Aggregate Functions: COUNT, MAX, MIN, SUM, AVG¶
Aggregate functions allow us to perform calculations on values across
rows. Using them, we can start to do some pretty interesting data
analysis. To specify a column to use for the aggregate, pass the column
name as the argument in parentheses: e.g. COUNT (counted_column)
. Here’s
a quick run through some useful aggregate functions:
COUNT()¶
How many contributors do we have from California?
SELECT COUNT(id) FROM contributors WHERE state = 'CA';
The COUNT(id)
function counts the number of unique ids. We could also
have used COUNT(*)
, which will count the number of rows. The result
will be the same.
COUNT()
can also be used with DISTINCT
to return the number of distinct
instances.
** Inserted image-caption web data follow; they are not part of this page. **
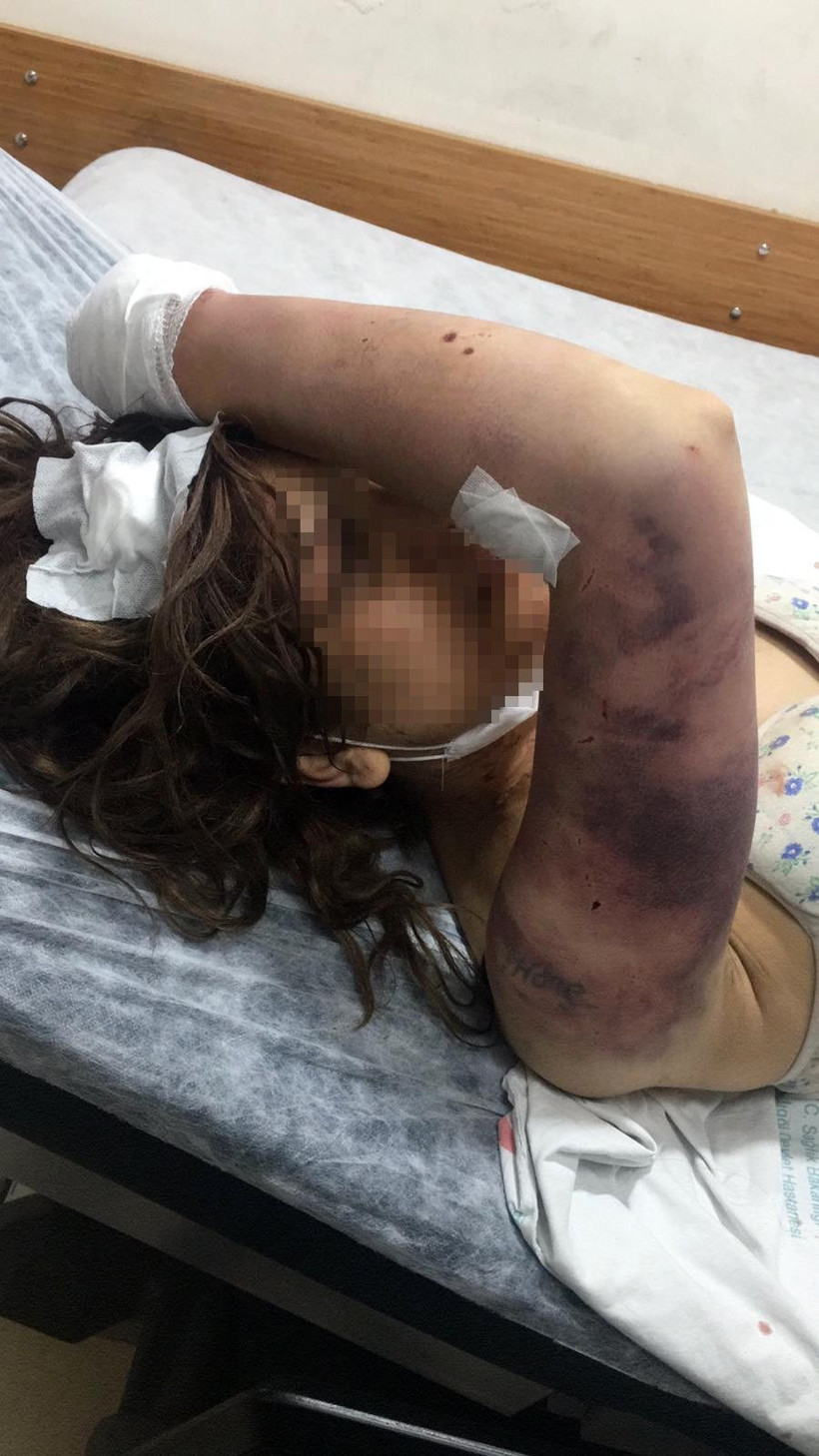 Şanlıurfa'da kan donduran olay! Eşini eve kilitleyip işkence yaptı kerpetenle tırnaklarını söktü - Resim: 4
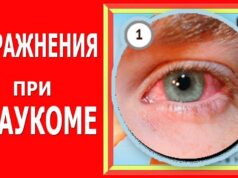 Гимнастика и упражнения для глаз при глаукоме
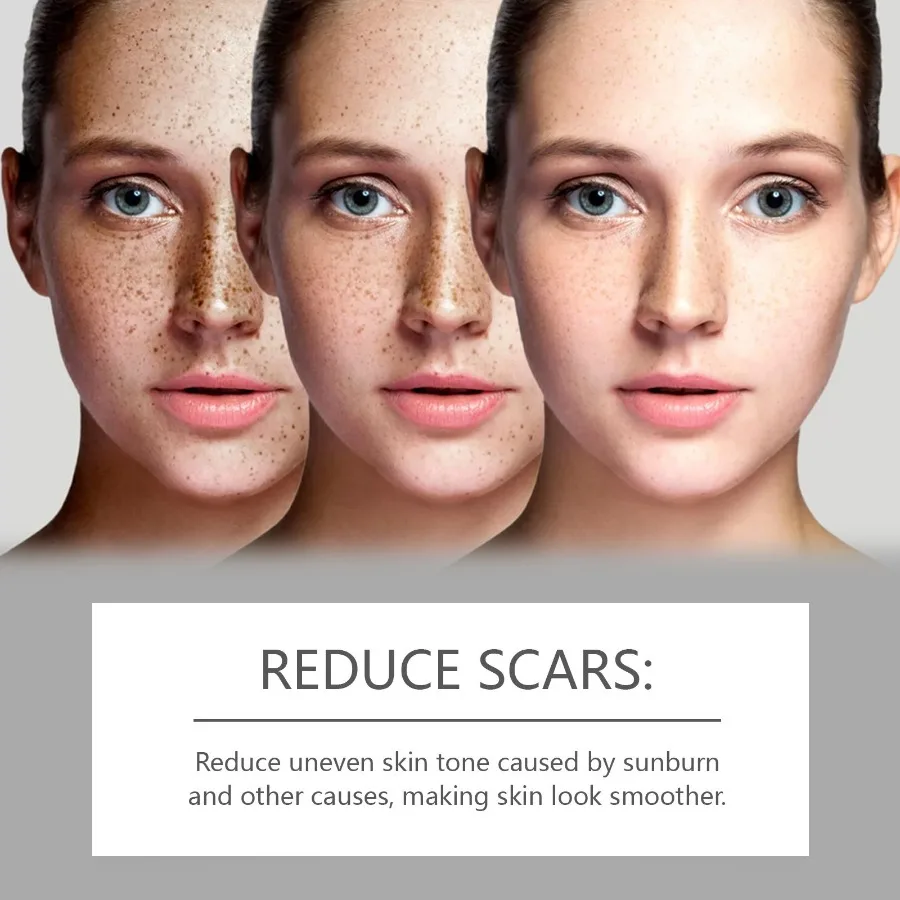 Le sérum réparateur pour la peau WestMonth hydrate doucement la peau du visage améliore l'essence de soin pour la peau terne et éclaircissante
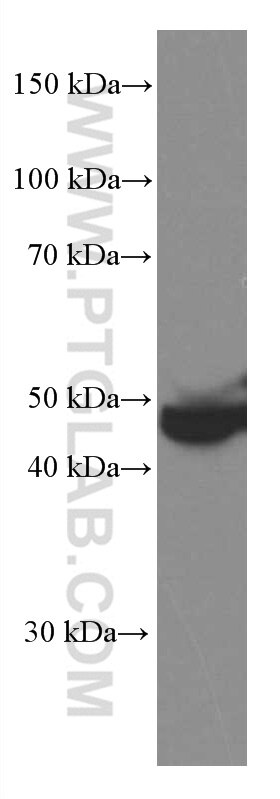 WB analysis of human plasma using 66554-1-Ig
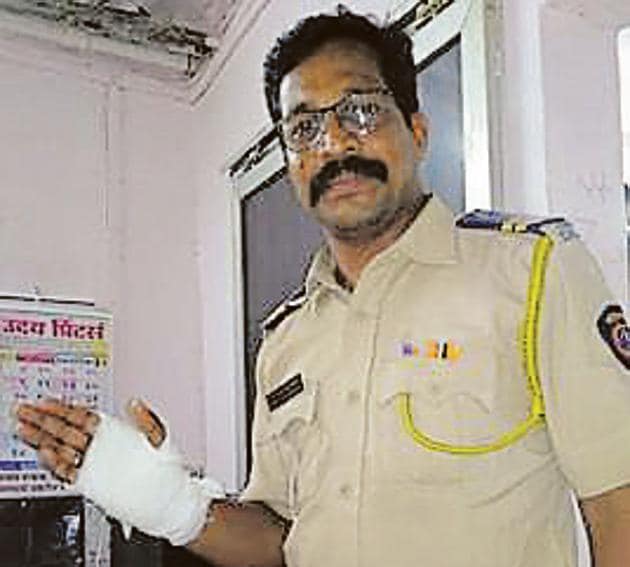 Prashant Mahamunkar, a constable with DN Nagar police station, injured his hand while trying to catch the thieves. (HT Photo) Prashant Mahamunkar, a constable with DN Nagar police station, injured his hand while trying to catch the thieves. (HT Photo)
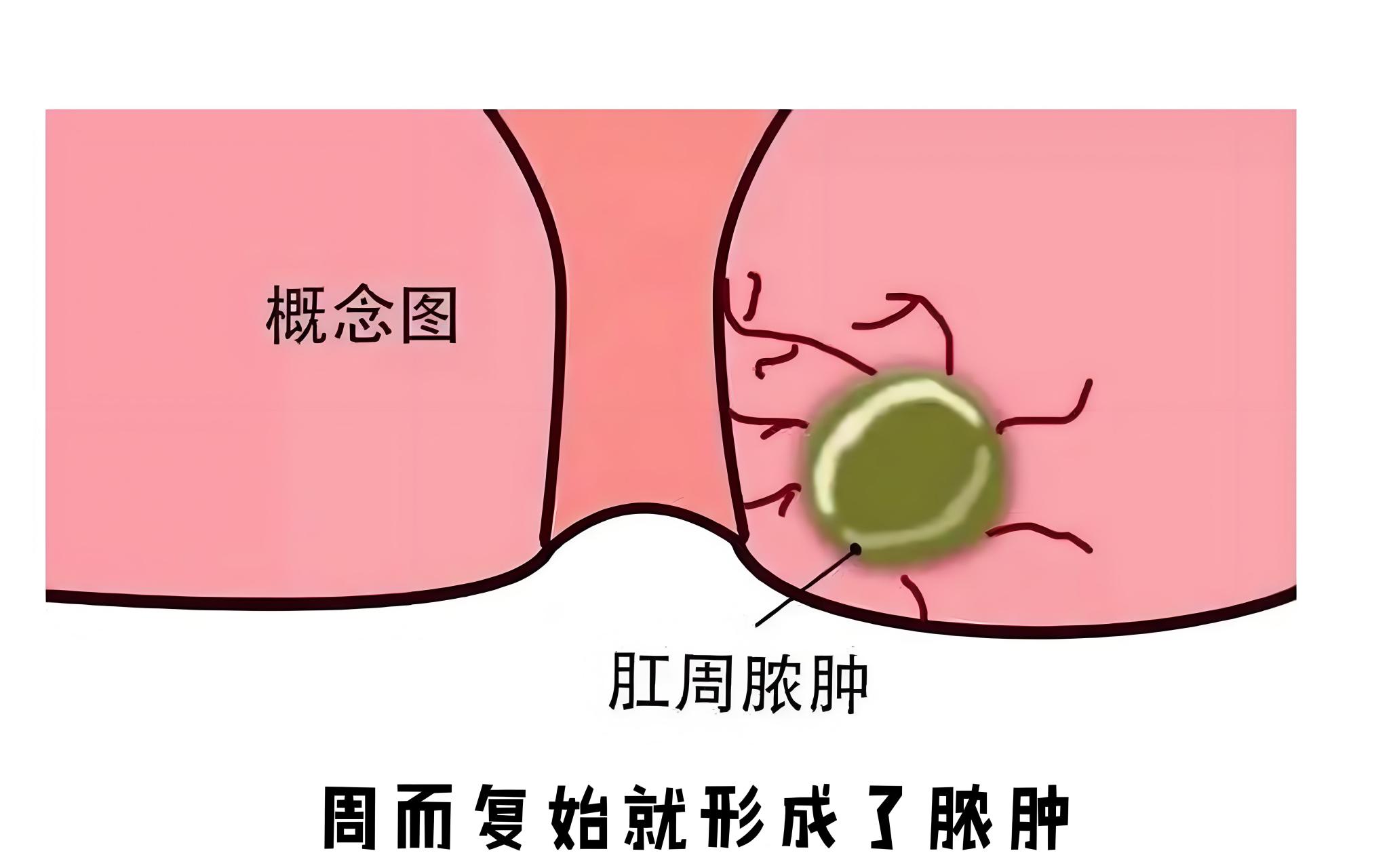 肛周化脓性汗腺炎图片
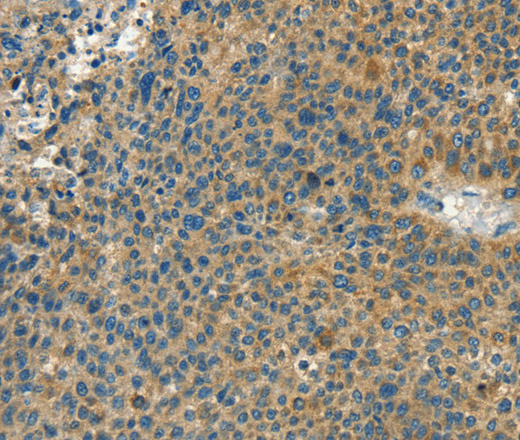 Immunohistochemistry of paraffin-embedded Human liver cancer tissue using CALCA Polyclonal Antibody at dilution 1:60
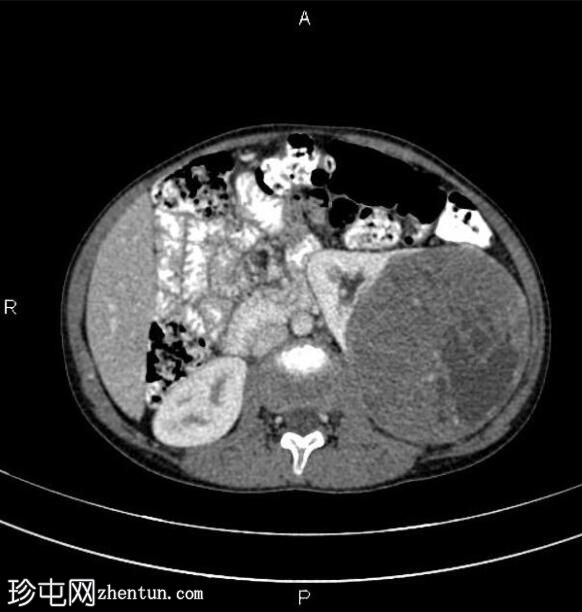 肾母细胞瘤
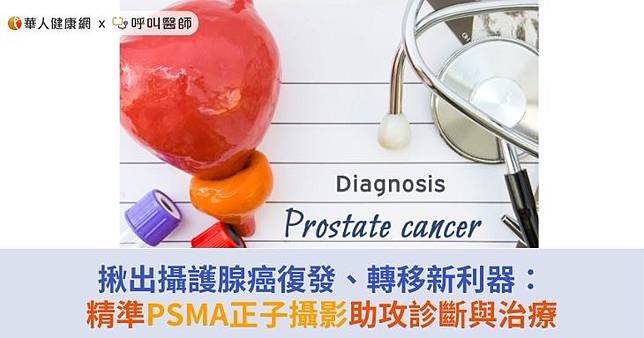 揪出攝護腺癌復發、轉移新利器：精準PSMA正子攝影助攻診斷與治療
For example, how many distinct ZIP Codes are there in the
table?
SELECT COUNT(DISTINCT zip) FROM contributors;
Note that the the DISTINCT
keyword comes inside the parentheses. It
is part of the argument passed to COUNT()
.
MIN() and MAX()¶
What is the maximum amount that any of our contributors has given?
SELECT MAX(amount) FROM contributors;
SUM()¶
What is the total amount of contributions from Georgia?
SELECT SUM(amount) FROM contributors WHERE state = 'GA';
AVG()¶
What is the average amount contributed?
SELECT AVG(amount) FROM contributors;
Of course, the usual caveats about using averages apply. I heard a nice example recently: “Which major at UNC produces graduates with the highest average salary?” Apparently, it was Geography - Michael Jordan’s major. Even if it isn’t true, it’s a nice warning about the way outliers can skew averages.